La presencia del merengue en los espacios cubanos, cualquiera que sea su nacionalidad, es una eterna y plausible circunstancia. No sólo debemos centrar nuestras observaciones en los estudios que al respecto han desarrollado destacadas personalidades de la música y la investigación, como los cubanos Helio Orovio y María Teresa Linares. Fijemos nuestra mirada en la memoria de los participantes, en sus creaciones y recreaciones que, desde nuestra perspectiva, es lo que dimensiona y patentiza las culturas. Lo que creen, piensan, lo que construyen y reconstruyen las comunidades, atadas muchas veces al pasado por la in-humana manía del recurso del ayer como vía para acusar el presente, constituye la verdadera cultura.
Con la presente comunicación pretendo acercarme a elementos que vinculan la cultura del oriente cubano con el inmortal baile y ritmo conocido como “merengue dominicano”. Baso mis argumentos en el estudio de casos concretos, aunque no pormenorizados: el merengue en las ciudades de Santiago de Cuba, Manzanillo y la mediterránea Contramaestre. Tomo como esencia, más que los elementos históricos, aquellos que verdaderamente dan vida a los hechos culturales, los que tienen que ver con el significado cultural que atribuyen los actores sociales a los hechos de la historia para vivir el presente.
Los nexos
Las migraciones, los intercambios, las coincidencias históricas, son fenómenos determinantes en las construcciones y reconstrucciones culturales de los pueblos. La emigración de colonizadores franceses hacia el Oriente de Cuba, fue introduciendo y catalizando la formación de nuevos ritmos musicales. Los inmigrantes se asentaron en la Sierra Maestra, donde sembraron esencias musicales que aún viven no sólo en Santiago de Cuba, sino en todo el país. Esta es una de las variantes históricas consideradas como vía del arribo del merengue a la mayor de las Antillas.

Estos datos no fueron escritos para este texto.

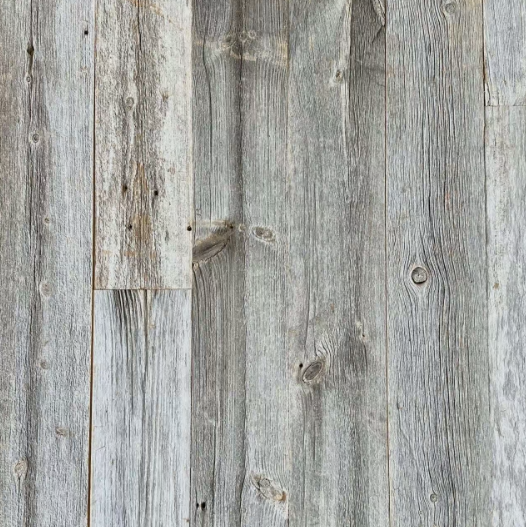 E & K Vintage Wood image 1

El merengue, ese ritmo y baile con pasaportes dominicano, haitiano, puertorriqueño, cubano... es un nexo en las identidades de los pueblos caribeños. Pero, al mencionar el término “merengue” en el ámbito musical, no es referencia directa al Caribe, sino que estamos identificando esencialmente la tierra quisqueyana. Casi nunca se dice simplemente merengue, sino, y esencialmente, se habla de merengue dominicano. Pero aún cuando se obvia el gentilicio, se da por entendido, en la región que analizo, que se está hablando de éste.
El merengue se ubica, genéricamente, dentro de las expresiones del folklore de origen afroamericano. Sus antecedentes se pierden en una amalgama de elementos de procedencia diversa. No es fantasía decir que el merengue sintetiza el aliento musical dominicano como expresión integradora de culturas patrimoniales, al conjugar el güiro aborigen, la tambora africana y el acordeón europeo. Se afirma, además, que fue cantado y bailado en 1844 en los campos de batalla donde el pueblo dominicano luchaba contra las tropas intervencionistas haitianas, con lo que eleva su relevancia histórica. Pero su pertenencia mayor está en que aquí se ha regado y cultivado la rosa que alguien sembró en algún lado.
Los nexos históricos entre las tierras del Caribe, la semejanza de sus hombres y mujeres, herederos de una cultura que se afinca en los valores más profundos de nuestros antepasados, son esencia de lo que se levanta como parangón de un territorio común. La eterna movilidad de los que erigen sus raíces por encima de vanas diferencias ha sido, en gran medida, principio de los elementos comunes en cuanto a la música y la cultura en su conjunto: dominicanos en Puerto Rico, puertorriqueños en Cuba, cubanos por el Caribe son herederos y heredados en sus más disímiles manifestaciones culturales.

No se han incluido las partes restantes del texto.